Greg vide Mycroft rilassare impercettibilmente le spalle, mentre lui si lasciò andare a una risata di sollievo.
"Cosa c'è di tanto divertente?" volle sapere il maggiore degli Holmes.
"Sono sollevato." spiegò Greg, stupito da quella domanda. Non era ovvio il motivo della sua contentezza? "Ci avrei messo la mano sul fuoco che non era ricascato nella droga, ma sentirlo confermare dai dottori è confortante."
"Bene, la mia presenza qui non è più necessaria." Mycroft si voltò per andarsene, ma Greg lo trattenne per un gomito.
"Ehi, aspetti! Non entra nemmeno a vedere come sta?"

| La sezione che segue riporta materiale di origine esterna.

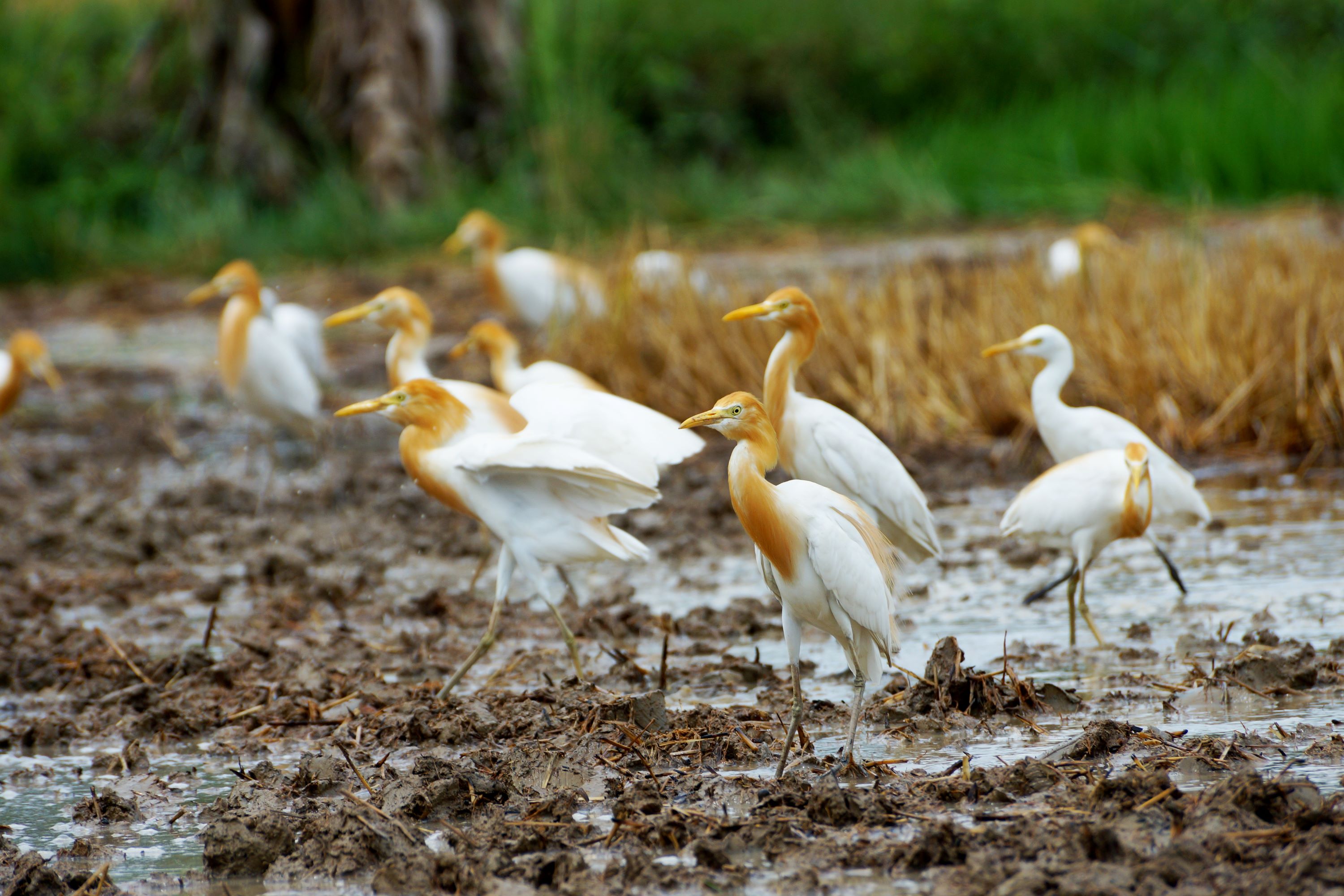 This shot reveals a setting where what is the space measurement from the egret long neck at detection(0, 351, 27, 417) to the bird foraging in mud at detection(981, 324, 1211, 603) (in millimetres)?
6057

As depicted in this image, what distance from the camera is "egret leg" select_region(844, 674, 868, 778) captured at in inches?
125

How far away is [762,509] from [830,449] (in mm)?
1602

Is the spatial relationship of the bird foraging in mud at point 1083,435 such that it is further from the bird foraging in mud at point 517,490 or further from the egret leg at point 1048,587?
the bird foraging in mud at point 517,490

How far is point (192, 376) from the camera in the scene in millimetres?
10680

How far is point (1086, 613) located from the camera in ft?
14.1

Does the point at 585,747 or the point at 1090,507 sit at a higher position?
the point at 1090,507

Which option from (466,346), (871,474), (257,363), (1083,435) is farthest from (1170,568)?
(257,363)

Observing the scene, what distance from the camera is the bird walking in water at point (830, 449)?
473 cm

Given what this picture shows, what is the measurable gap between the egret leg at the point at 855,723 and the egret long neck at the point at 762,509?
1.01ft

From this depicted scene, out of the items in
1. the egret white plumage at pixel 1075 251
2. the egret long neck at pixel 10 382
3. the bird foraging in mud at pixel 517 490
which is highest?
the bird foraging in mud at pixel 517 490

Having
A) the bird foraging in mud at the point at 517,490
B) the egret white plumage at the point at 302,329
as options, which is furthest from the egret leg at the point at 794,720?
the egret white plumage at the point at 302,329

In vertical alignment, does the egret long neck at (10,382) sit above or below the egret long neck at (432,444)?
below

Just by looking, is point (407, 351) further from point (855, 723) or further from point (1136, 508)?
point (855, 723)

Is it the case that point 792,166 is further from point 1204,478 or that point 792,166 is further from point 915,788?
point 915,788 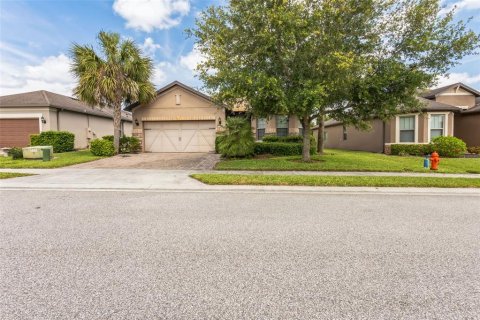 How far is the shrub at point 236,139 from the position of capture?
14.2 m

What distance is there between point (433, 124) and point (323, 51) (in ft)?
41.2

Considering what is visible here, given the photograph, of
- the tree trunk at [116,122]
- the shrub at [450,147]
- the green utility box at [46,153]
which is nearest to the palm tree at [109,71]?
the tree trunk at [116,122]

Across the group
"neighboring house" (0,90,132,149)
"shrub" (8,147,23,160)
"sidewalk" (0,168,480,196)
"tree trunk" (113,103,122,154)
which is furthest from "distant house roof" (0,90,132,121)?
"sidewalk" (0,168,480,196)

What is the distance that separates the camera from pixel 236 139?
565 inches

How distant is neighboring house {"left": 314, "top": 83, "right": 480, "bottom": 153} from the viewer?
17.8 metres

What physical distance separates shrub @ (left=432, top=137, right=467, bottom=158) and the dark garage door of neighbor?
26914mm

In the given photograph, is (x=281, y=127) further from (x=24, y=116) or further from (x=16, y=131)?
(x=16, y=131)

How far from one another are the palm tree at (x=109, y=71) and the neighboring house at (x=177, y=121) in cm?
235

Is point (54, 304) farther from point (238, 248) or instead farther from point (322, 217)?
point (322, 217)

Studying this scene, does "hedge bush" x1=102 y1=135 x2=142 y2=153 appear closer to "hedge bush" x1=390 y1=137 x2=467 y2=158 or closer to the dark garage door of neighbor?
the dark garage door of neighbor

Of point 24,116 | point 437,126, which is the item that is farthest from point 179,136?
point 437,126

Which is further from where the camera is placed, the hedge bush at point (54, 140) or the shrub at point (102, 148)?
the hedge bush at point (54, 140)

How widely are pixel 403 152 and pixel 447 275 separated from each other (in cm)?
1708

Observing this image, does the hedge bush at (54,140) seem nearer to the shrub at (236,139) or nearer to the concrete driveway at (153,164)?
the concrete driveway at (153,164)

"Il dottore ha detto che sta bene."
"Ma è suo fratello!" esclamò Lestrade a voce troppo alta per una corsia di ospedale, guadagnandosi l’occhiata storta della caposala. Il suo non era un tono di rimprovero, ma davvero non riusciva a capire il comportamento dell'altro uomo.
Mycroft guardò in direzione della porta della stanza dove Sherlock stava riposando: sembrava combattuto, ma alla fine scosse la testa.
“I rapporti tra noi non sono idilliaci, se ora entrassi finiremmo per litigare e dire cose che non farebbero altro che esacerbare ancora di più la situazione. No, non è una buona idea.”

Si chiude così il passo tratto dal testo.